Since the November 5 elections, it seems that J Street – the self-styled pro-Israel group with a liberal bend – has undertaken to demonstrate that for all of the Trump breakthroughs for Israel during his first term, the percentage of Jewish voters across the country who voted for him remained essentially the same at 26 percent. And the Harris Jewish vote also was consistent with tallies of Jewish voters for Democrats in previous elections, at 71 percent.

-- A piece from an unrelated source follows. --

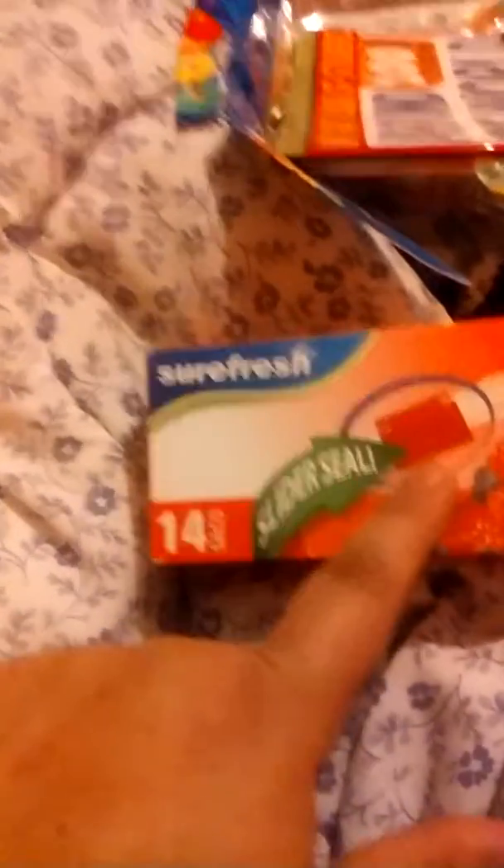He got two of them so he can battle with them — he's really picked up his mama's habit of getting two of everything. We're also trying to put his stuff into things he can open and close himself. I picked up these quart-sized slider bags — there are 14 in the pack. He can do sliders but not zippers yet, so I want to try putting bread in these so he can maybe make his own sandwiches.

Their point is apparently that most American Jews disagree with what Trump has wrought: think recognition of Jerusalem as Israel’s capital, the relocation of the American Embassy in Israel from Tel Aviv to Jerusalem, the Abraham Accords and the recognition of Israeli sovereignty over the Golan Heights. And as recounted by the American Jewish Committee, President Trump also tried to pressure the Palestinians to engage in negotiations with Israel by closing the PLO mission in Washington and cutting aid to UNWRA and the push to end the practice of paying stipends to terrorists including those convicted of murder and sentenced to long prison terms and to the families of so-called “martyrs” who died while committing acts of terror against Israelis. Also of supreme importance, during his first term, President Trump took significant actions against Iran, which Israel considers an existential threat to Israel.
While we get the fact that J Street may disagree with this or that Trump policy, the fact is that Israelis preferred Trump over Harris 66% to 17% in surveys taken in the run-up to November 5.
This is certainly an odd posture for a “pro-Israel” organization to take. This is all the more so, because the J Street statistics are based on notoriously unreliable exit polls with definitive analyses of voting patterns still to emerge.
Nor should this all be of only academic interest. The New York Times reported that last week saw three bills to block weapons transfers to Israel for use in the Gaza war. According to The New York Times, although all three were handily defeated, “Seventeen Senate Democrats and two independents backed at least one of the measures…. The vote showed that support for restricting Israel’s military operations has grown beyond just the most progressive lawmakers, with notably more senators joining them than in previous efforts.”
J Street may want to toot its own horn here in the U.S. and impact policy in Israel. But we should all be careful about what we wish for.